Andererseits wäre es fatal, ihre Karriere als Empfehlung der Versorgungsehe zu sehen. Dazu sind Prinzen u. ä., schon gar fesche und sympathische, einfach zu selten. Schon deswegen sollten unsere Töchter und Enkelinnen ihr Augenmerk lieber auf eine sie interessierende Berufsausbildung legen als auf die internationale Partyszene, in der frau vielleicht einen Prinzen ergattert, vielleicht aber auch nur Blessuren an Leib und Seele.

Womit wir beim nächsten Punkt wären: Kann man bitte auch aufhören, uns einreden zu wollen, eine Monarchie sei modern und volksnah, wenn ein Prinz ein Starlet heiratet? Das Volk, dem sich Europas Monarchen beziehungsweise ihre männlichen Nachkommen angenähert haben, ist eine Mischung aus Jetset und Glücksrittern (weiblich wie männlich) des Showbiz. Das hat nichts mit einer Absage an aristokratische Dünkelhaftigkeit zu tun.

Prinzen heutzutage heiraten bürgerliche Mädchen oder Frauen nicht, weil sie die Privilegien ihres Standes infrage stellen, sondern weil sie keine Lust haben, den früher üblichen Preis dafür zu zahlen und sich mit einer sie langweilenden und vielleicht unattraktiven Standesgenossin zu paaren. Außerdem hat Geld Schwächen des Stammbaumes immer schon aufgewogen. Prinz William mag seiner Frau Kate herzlich zugetan sein – die Tatsache, dass sie aus einem millionenschweren Haus kommt, hat zumindest die Zuneigung der übrigen Familie zu ihr erheblich befördert, und zunächst überhaupt bewirkt, dass die beiden einander (in der teuren schottischen Privatuniversität St.

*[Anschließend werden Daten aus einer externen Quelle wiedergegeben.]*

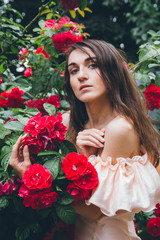 Girl stands against a background bushes with red roses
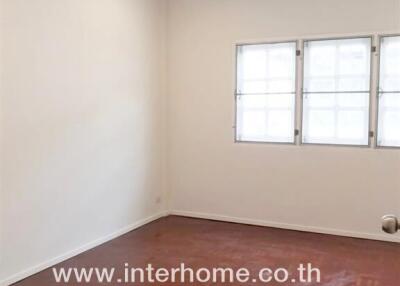 Bedroom with hardwood flooring and multiple windows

Andrews) begegnet sind.

Wenn Prinzen Starlets und Partygirls heiraten, dann ist das insofern modern, als sie sich damit den Bewertungskriterien einer breiten Öffentlichkeit anschließen, die inhaltsarme Selbstdarstellung mehr bewundert als ernsthafte Qualifikationen. Mit Aufgeschlossenheit für eine Politik der Chancengleichheit oder der Geschlechtergerechtigkeit sollte das nicht verwechselt werden. Bitte keine Rührungstränen.